**Exercise materials:**
================================

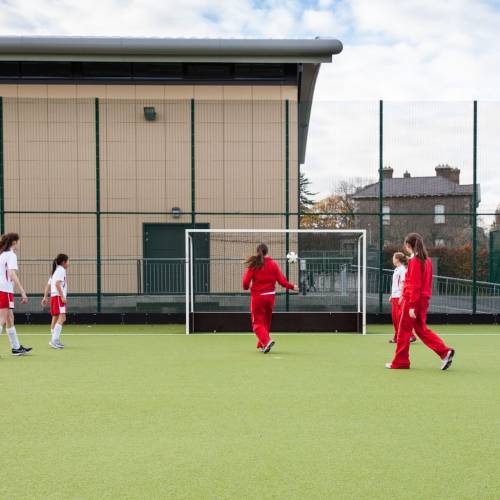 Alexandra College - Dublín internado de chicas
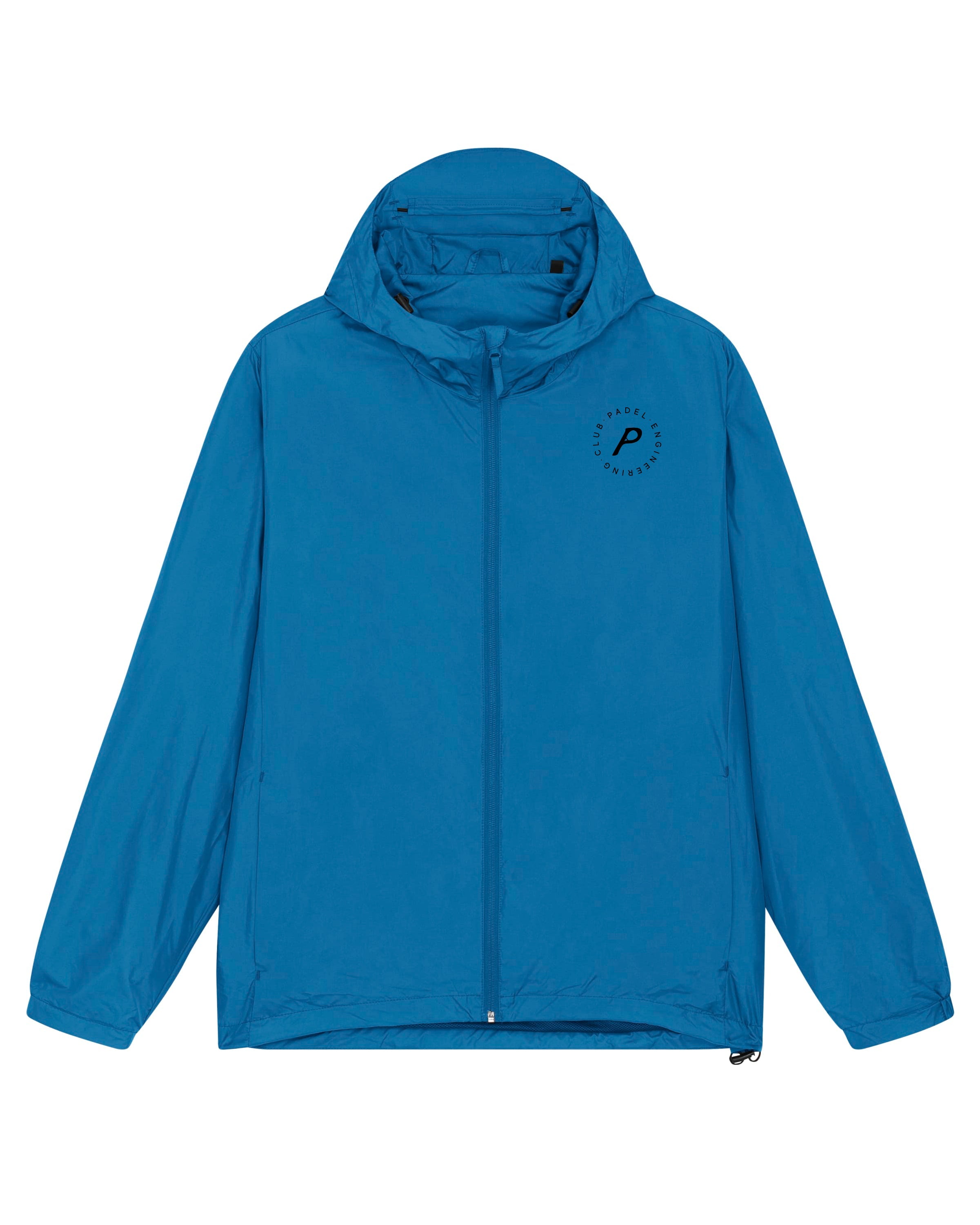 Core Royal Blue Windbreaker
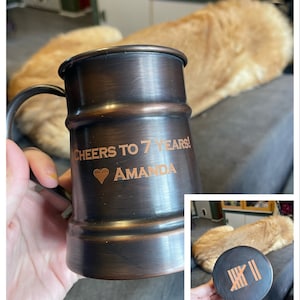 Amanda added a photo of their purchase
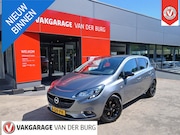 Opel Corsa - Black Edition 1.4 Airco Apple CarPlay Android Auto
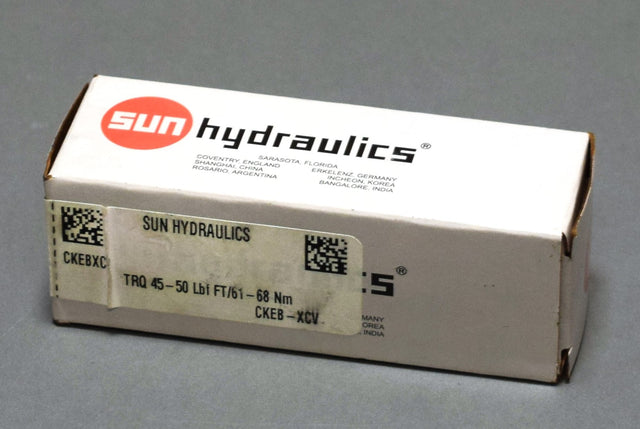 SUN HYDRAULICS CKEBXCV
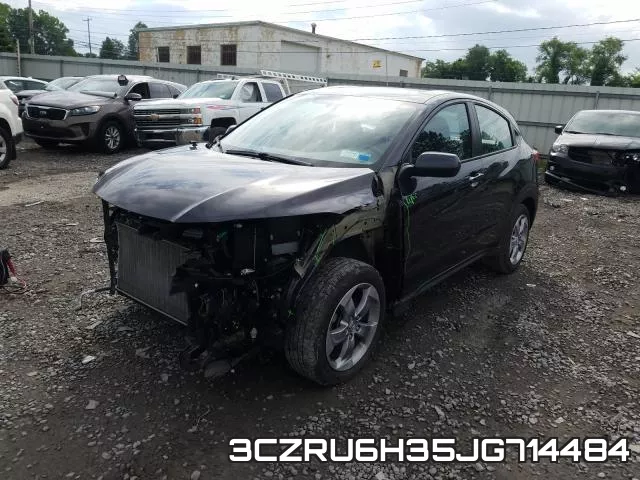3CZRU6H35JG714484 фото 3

================================

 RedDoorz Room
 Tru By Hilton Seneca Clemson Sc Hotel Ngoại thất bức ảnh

================================

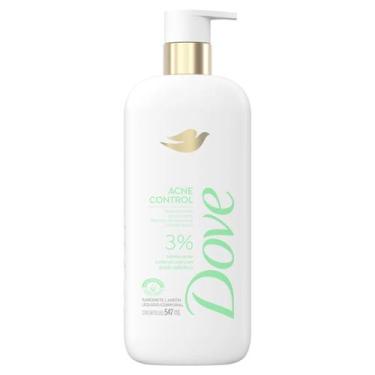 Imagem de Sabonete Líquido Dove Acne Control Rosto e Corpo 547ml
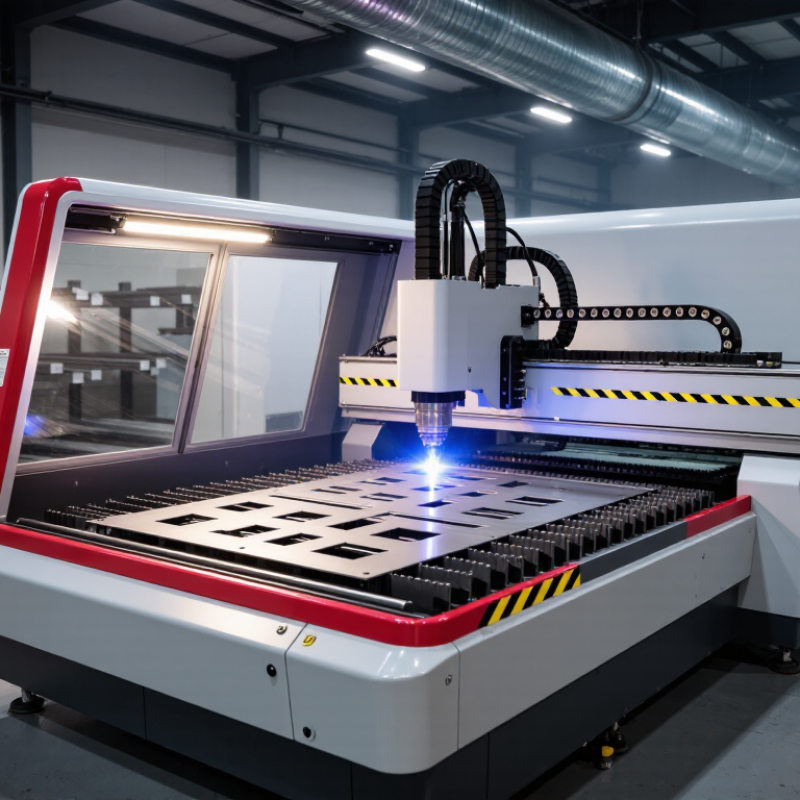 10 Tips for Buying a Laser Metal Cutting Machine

================================

**What the task asks:** Respond with the exact lines above running from the one containing "Alexandra College - Dublín" to the one containing "3CZRU6H35JG714484 фото 3", both ends kept and no pictures included.

**The completed task:**
 Alexandra College - Dublín internado de chicas
 Core Royal Blue Windbreaker
 Amanda added a photo of their purchase
 Opel Corsa - Black Edition 1.4 Airco Apple CarPlay Android Auto
 SUN HYDRAULICS CKEBXCV
3CZRU6H35JG714484 фото 3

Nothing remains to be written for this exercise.